Depuis le début des années 2000, un changement notable s’est opéré. La participation des femmes à la population active a augmenté de 18 % entre 2000 et 2025. Cela s’explique par la baisse de la fécondité et la disparition progressive du modèle traditionnel de la « femme au foyer ». Ainsi, les emplois qui auraient pu rester vacants en raison du déclin démographique sont pourvus par des femmes qui choisissent de plus en plus souvent leur carrière plutôt que la famille.
Une autre tendance importante est le retour des Japonais âgés sur le marché du travail. Depuis 2012, la proportion de seniors actifs a augmenté de 7 %. Cela s’explique non seulement par l’allongement de l’espérance de vie, mais aussi par l’évolution des mentalités chez les employeurs et dans la société. Travailler au-delà de l’âge de la retraite est devenu la norme.
Dans un contexte de vieillissement de la population, le Japon connaît un phénomène rare en Europe ou aux États-Unis : le taux de chômage des jeunes le plus bas depuis 30 ans. Il y a tellement d’emplois disponibles que les jeunes professionnels peuvent choisir leur employeur plutôt que de se disputer les rares postes vacants.
Le Japon reste l’un des leaders mondiaux en matière de robotisation et d’automatisation de la production. Cela compense la pénurie de main-d’œuvre. Contrairement à l’Europe, le pays est extrêmement prudent en matière de migration massive de main-d’œuvre.
Quelques caractéristiques de l’approche japonaise :
- Dans un pays qui compte plus de 120 millions d’habitants, le nombre de travailleurs étrangers n’a dépassé que récemment les 3 millions.
- Il est pratiquement impossible d’obtenir le statut de « réfugié politique ».
- Les prestations sociales pour les migrants sont minimes et la citoyenneté est difficile à obtenir, même après 10 à 15 ans de résidence dans le pays.
- Le flux principal de nouveaux arrivants provient d’Asie de l’Est (Chine, Philippines, Vietnam, Thaïlande).
Ainsi, le Japon résout le problème de la pénurie de main-d’œuvre grâce à ses réserves internes (femmes, personnes âgées, jeunes) et à la technologie, plutôt que par l’importation massive de migrants.

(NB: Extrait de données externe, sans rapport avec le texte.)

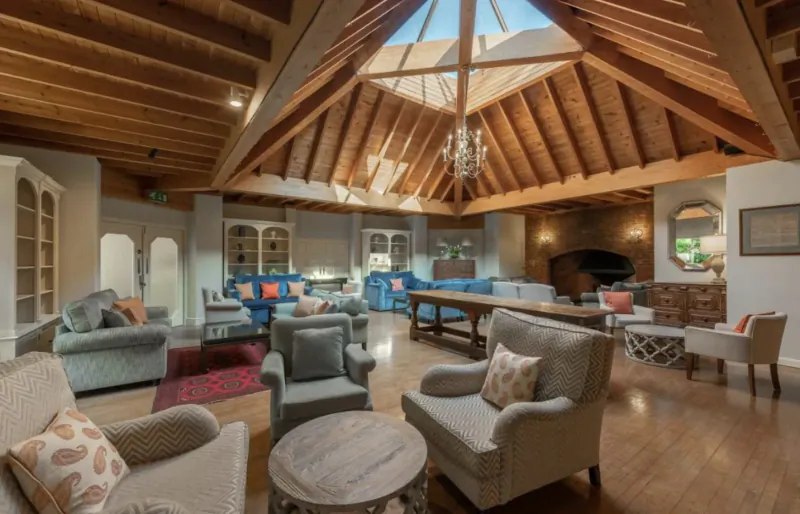 Spacious luxurious hotel lounge with wooden beamed ceiling, skylight, chandeliers, plush sofas, tables, and fireplace.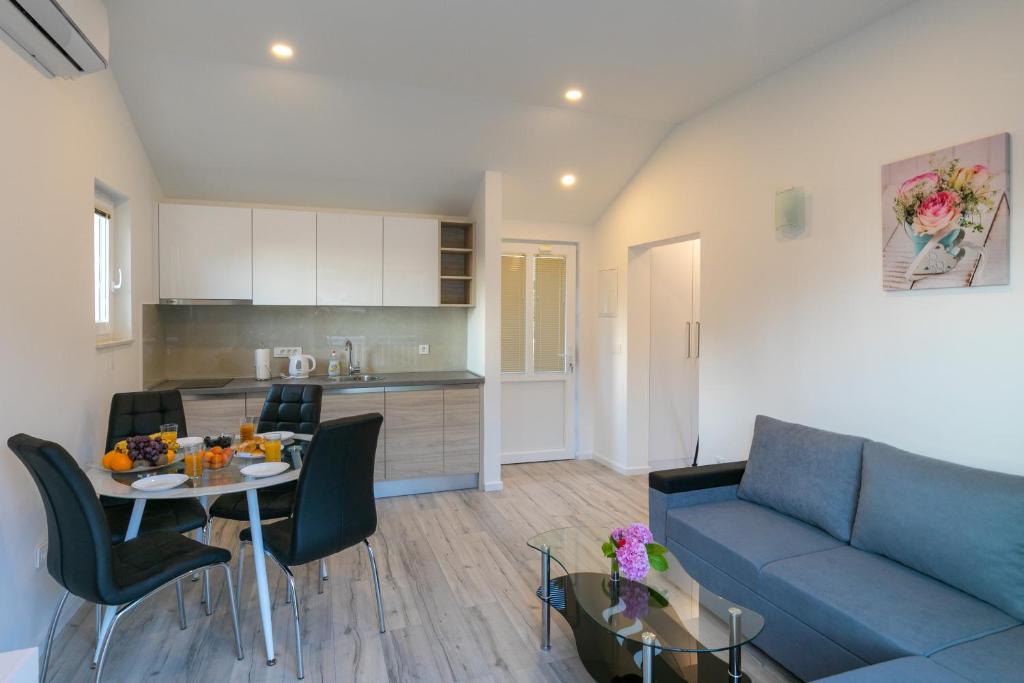 a living room with a couch and a table at Relax Zone Apartment in Trsteno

Aujourd’hui, de nombreux pays développés, de la Corée du Sud à l’Italie, sont déjà entrés ou entrent dans une période de maturité démographique. L’expérience du Japon montre que le marché du travail ne s’effondre pas sous la pression du vieillissement de la population et que la participation des femmes et des personnes âgées à l’économie peut compenser en partie le déclin démographique. Les robots et la technologie deviennent également un facteur essentiel. Des politiques migratoires strictes sont possibles si les sources d’emploi nationales sont développées en parallèle.